Chien-loup, Serge Joncour

                Deux histoires se déroulent en parallèle, au même endroit et à un siècle d’intervalle. Le lieu : un hameau isolé du monde, dans le Lot, sur le causse du Quercy, avec ses forêts qui cachent une faune sauvage propice au braconnage. Les époques : la première se situe pendant la guerre de 14-18. A la veille de la mobilisation, les bêtes sont fébriles, à l’image du monde qui bouge. Un ermite, en pèlerinage avec sa mule sur le chemin de Saint-Jacques de Compostelle, est reçu comme un oiseau de mauvais augure. Petit à petit, les hommes partent. Tous les animaux sont réquisitionnés : les bœufs pour tirer les canons, les chiens comme renifleurs de mines, les moutons, les vaches et les chèvres sont envoyés au front pour nourrir les soldats. Les bêtes sauvages sont décimées dans les champs en feu. Même les animaux de cirque ne sont pas épargnés. Les éléphants servent pour les travaux de trait. Seuls restent au village les enfants et les femmes qui remplacent les hommes à la ferme avec beaucoup de courage et de vaillance. Sur cette terre désertée, vient s’installer un dompteur allemand avec huit tigres et lions, seuls rescapés de son ancien cirque. La tension monte à Orcières qui ressent cette présence, sur les hauteurs, comme une menace. De quoi ces fauves vont-ils se nourrir ? Ne vont-ils pas s’échapper un jour de leur cage ? L’étranger ne serait-il pas la cause de tous les dérèglements actuels et même de la météo qui n’est plus favorable aux paysans ? Un malaise s’installe, d’autant plus que cette région semble maudite. Elle a déjà beaucoup souffert et notamment du phylloxéra au XIXème siècle.

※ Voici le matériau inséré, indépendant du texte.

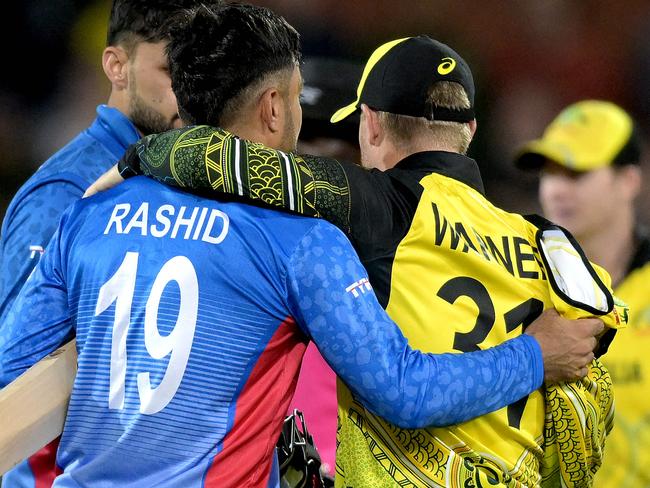 David Warner embraces Afghanistan's Rashid Khan at the World Cup in 2022 Picture: Brenton EDWARDS / AFP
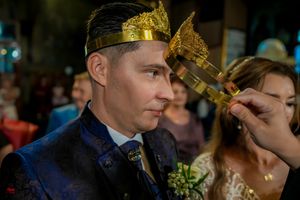 Wedding celebration in progress within an elaborately decorated Orthodox church interior.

                Franck perçoit la même anxiété quand, selon la volonté de Lise, sa femme, à la recherche de la nature et du soleil, ils séjournent trois semaines, l’été 2017, sur ce même causse, dans un gîte perdu au bout d’un chemin périlleux, sans réseau et sans voisins. Eux aussi connaissent une situation difficile. Lise vient de se battre contre un cancer. Actrice déchue, elle n’obtient plus aucun rôle. Quant à Franck, c’est un producteur de cinéma en pleine activité, mais qui voit son travail bousculé par ses assistants, deux jeunes loups aux dents longues, adeptes d’Amazone et de Netflix. Si Lise se sent tout de suite dans son élément à Orcières, Franck ne supporte pas d’être coupé du monde bouillonnant dans lequel il a l’habitude de vivre. Il ne voit qu’un environnement hostile. Absence des propriétaires, accueil peu chaleureux des voisins, bruits angoissants venant de cette nature primitive, présence inquiétante d’un molosse qui vient leur rendre visite.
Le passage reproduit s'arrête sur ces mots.